> **What you have to do**:
Which lines run from the one containing "Floyd Mayweather'ın yeni" through the end of the data? Write them out exactly, with the pictures left out.

> **Data shown**:
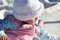 Free Snow Baby Stock Images - 6543904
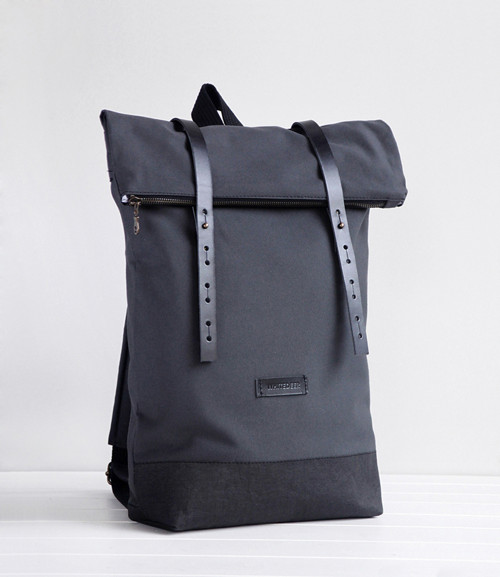 Batoh No.2 Anthracite&Black — foto 2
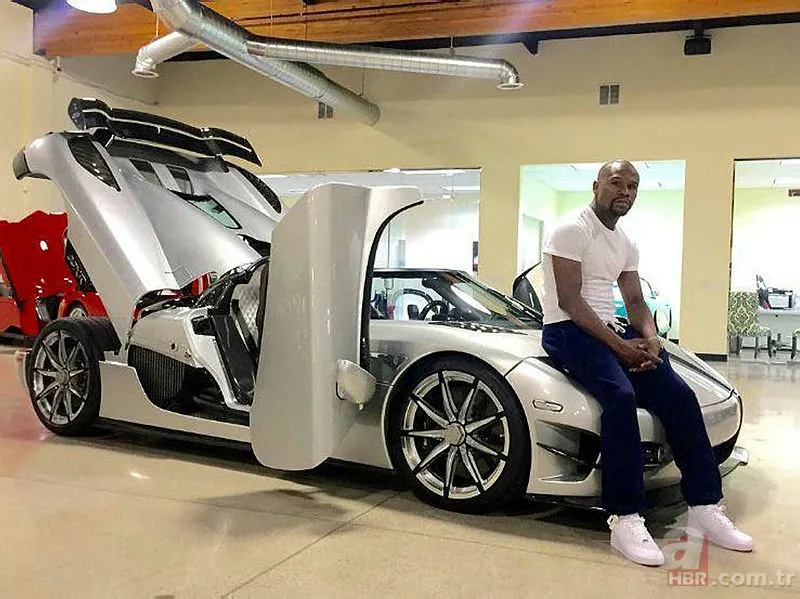Floyd Mayweather'ın yeni konağı ağızları açık bıraktı! 15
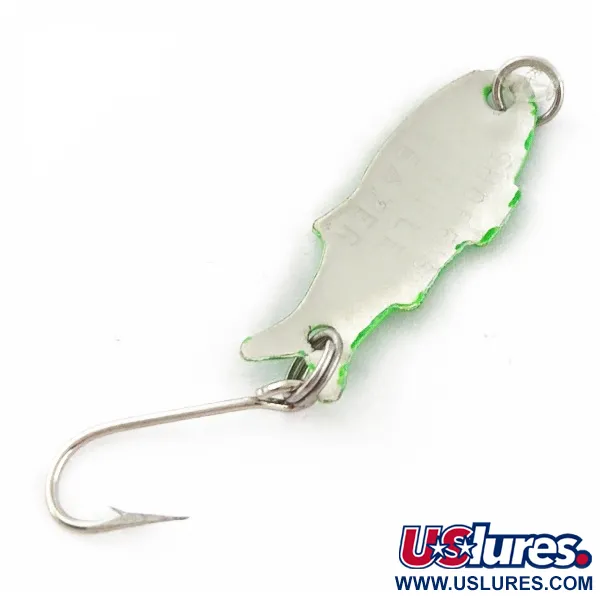 Shoff's Triple Teazer, vert, 1/32 oz (1 g), Cuillère #24070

> **Answer**:
Floyd Mayweather'ın yeni konağı ağızları açık bıraktı! 15
 Shoff's Triple Teazer, vert, 1/32 oz (1 g), Cuillère #24070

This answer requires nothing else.